:: PROBLEM REQUIREMENTS ::
Please give all of the data again, character for character, and drop the pictures.
___ GIVEN DATA
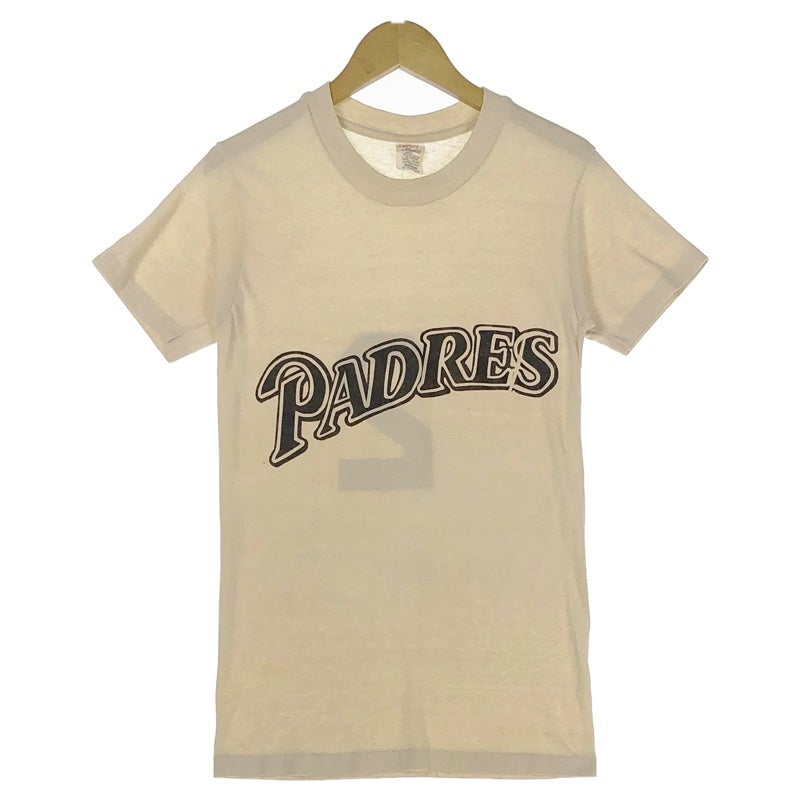 古着 70s Stedman USA製 PADRES ナンバリング プリントTシャツ
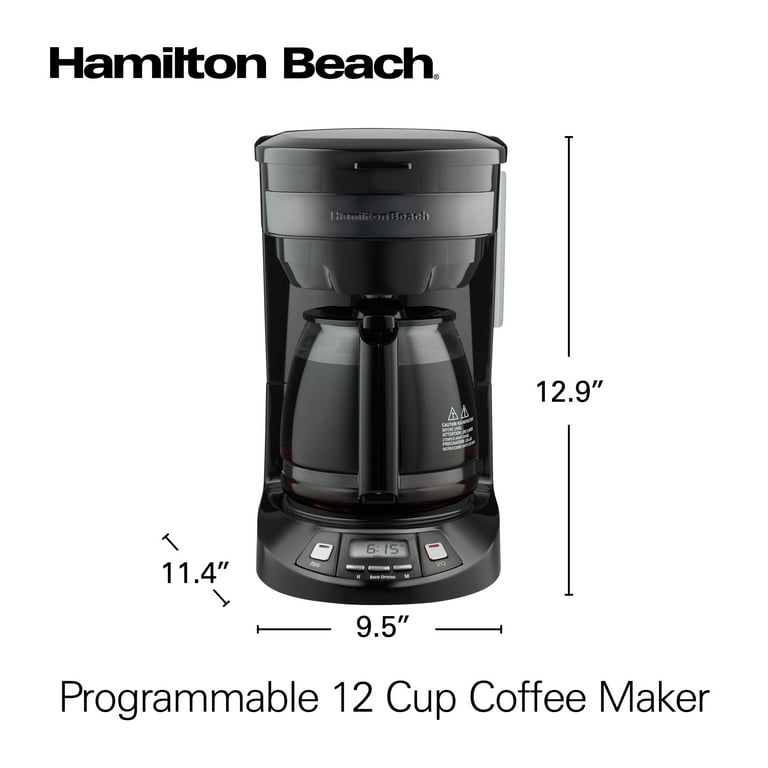 Hamilton Beach 12 Cup Programmable Coffee Maker with Black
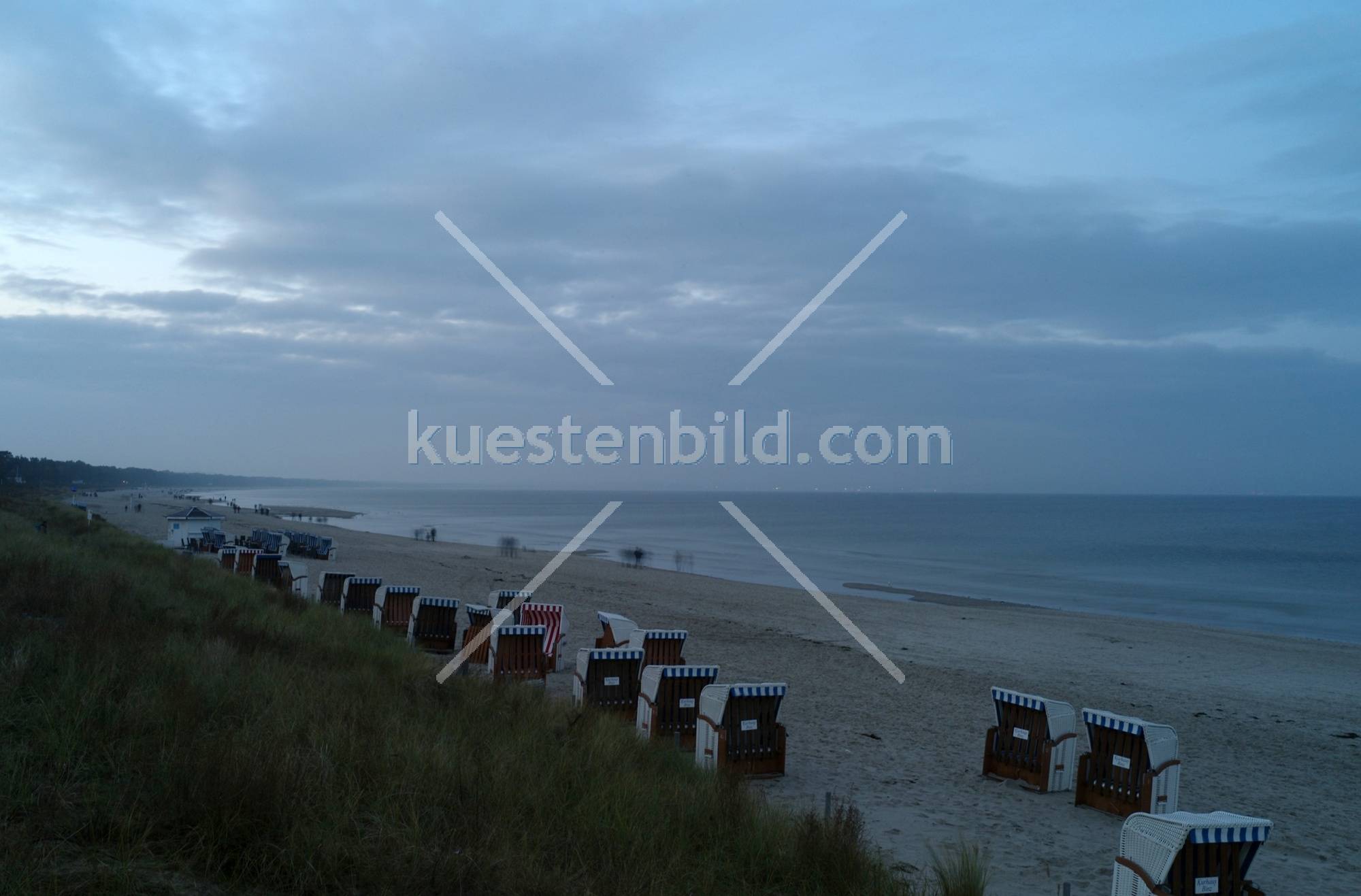Binz, Abendstimmung am Strand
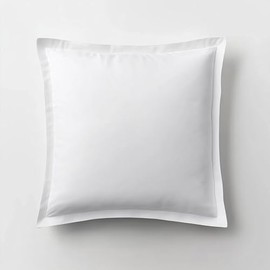 Pure Parima 100% Egyptian Cotton Ultra Percale Euro Sham Cover, 26x26 Pillow Covers, 26 x 26 Cushion Cover Cases Soft Skin Friendly European Size Decorative Square Pillow Shams (White, Euro)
______
:: ANSWER SECTION ::
 古着 70s Stedman USA製 PADRES ナンバリング プリントTシャツ
 Hamilton Beach 12 Cup Programmable Coffee Maker with Black
Binz, Abendstimmung am Strand
 Pure Parima 100% Egyptian Cotton Ultra Percale Euro Sham Cover, 26x26 Pillow Covers, 26 x 26 Cushion Cover Cases Soft Skin Friendly European Size Decorative Square Pillow Shams (White, Euro)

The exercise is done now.